Please transcribe the data below in full, word for word, without the images.

Entries taken from a collection
========================================

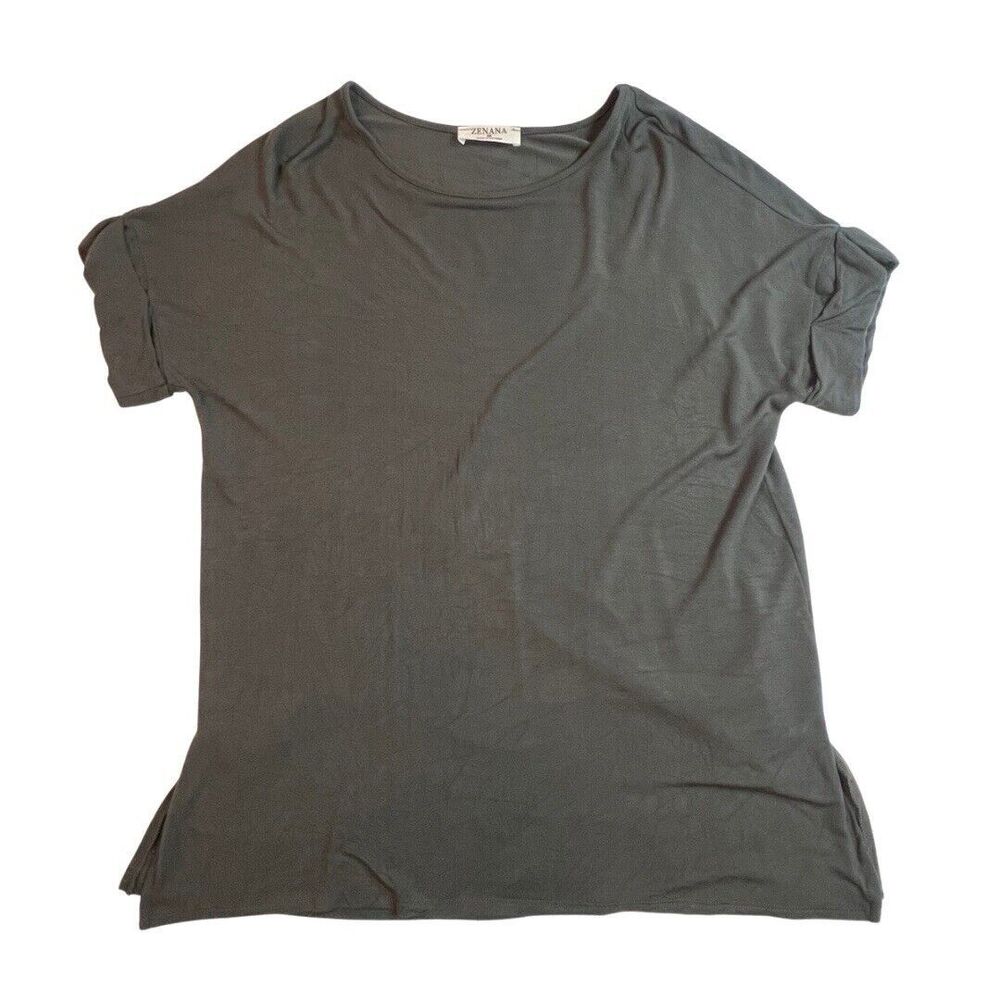 Zenana Outfitters Top Womens Medium Charcole Black Tee Basic Tunic Casual Blouse
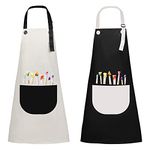 Jinlaili Kids Apron with Pocket 2 Pack Children Chef Apron for Cooking Baking Painting, Adjustable Strap Child Apron, Waterproof Kids for Cooking,Party, Chef, Art and Classroom Children Apron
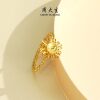 Chow Tai Sang’s Twelve Flower Gods Jointly Signed | Gold Ring Women’s Foot Gold Sunflower Sunflower Bracelet as a Gift for Your Girlfriend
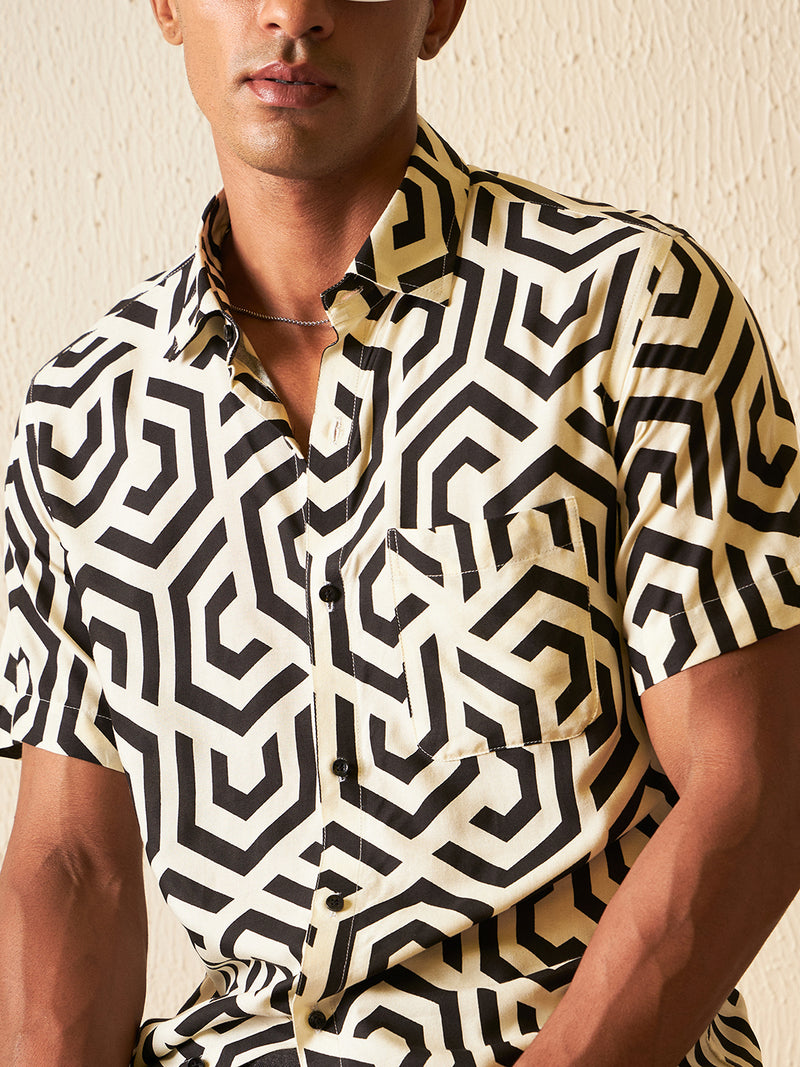 DENNISON Men Cream-coloured Block Printed Shirt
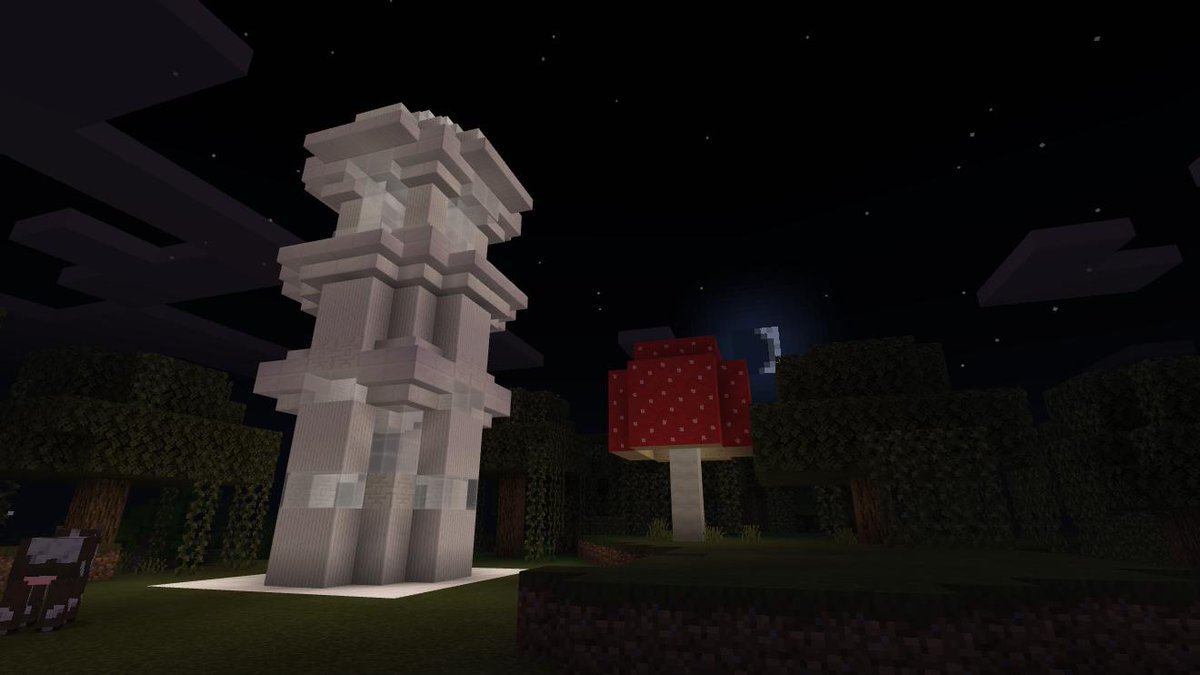 蒼壱 クリエのワールドは夜も寝ないので 夜に見て綺麗な景色を作りたくなる 光源ブロックは見えないように隠して 灯台みたいなの作れないかなぁってやってみた ハーフブロックは透過する統合版ならではかな Minecraft統合版 極ワールド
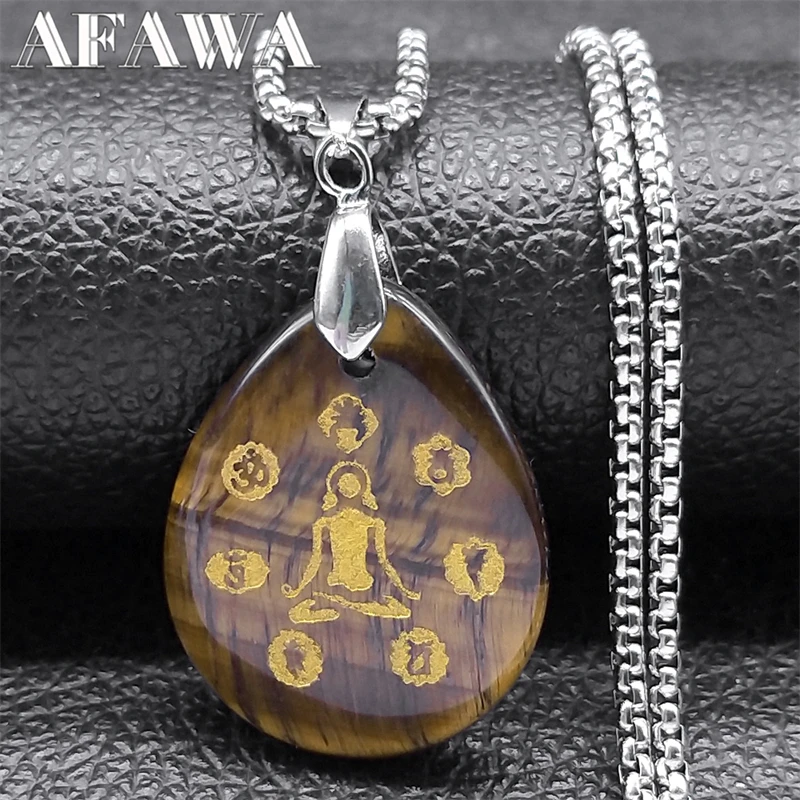 Buddhism Meditation Chakra OM Spiritual Necklace for Women Men Tiger Eye Stone Stainless Steel Buddhist Chain Jewelry NZZZ366-2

========================================

(Solution to the exercise)
 Zenana Outfitters Top Womens Medium Charcole Black Tee Basic Tunic Casual Blouse
 Jinlaili Kids Apron with Pocket 2 Pack Children Chef Apron for Cooking Baking Painting, Adjustable Strap Child Apron, Waterproof Kids for Cooking,Party, Chef, Art and Classroom Children Apron
 Chow Tai Sang’s Twelve Flower Gods Jointly Signed | Gold Ring Women’s Foot Gold Sunflower Sunflower Bracelet as a Gift for Your Girlfriend
 DENNISON Men Cream-coloured Block Printed Shirt
 蒼壱 クリエのワールドは夜も寝ないので 夜に見て綺麗な景色を作りたくなる 光源ブロックは見えないように隠して 灯台みたいなの作れないかなぁってやってみた ハーフブロックは透過する統合版ならではかな Minecraft統合版 極ワールド
 Buddhism Meditation Chakra OM Spiritual Necklace for Women Men Tiger Eye Stone Stainless Steel Buddhist Chain Jewelry NZZZ366-2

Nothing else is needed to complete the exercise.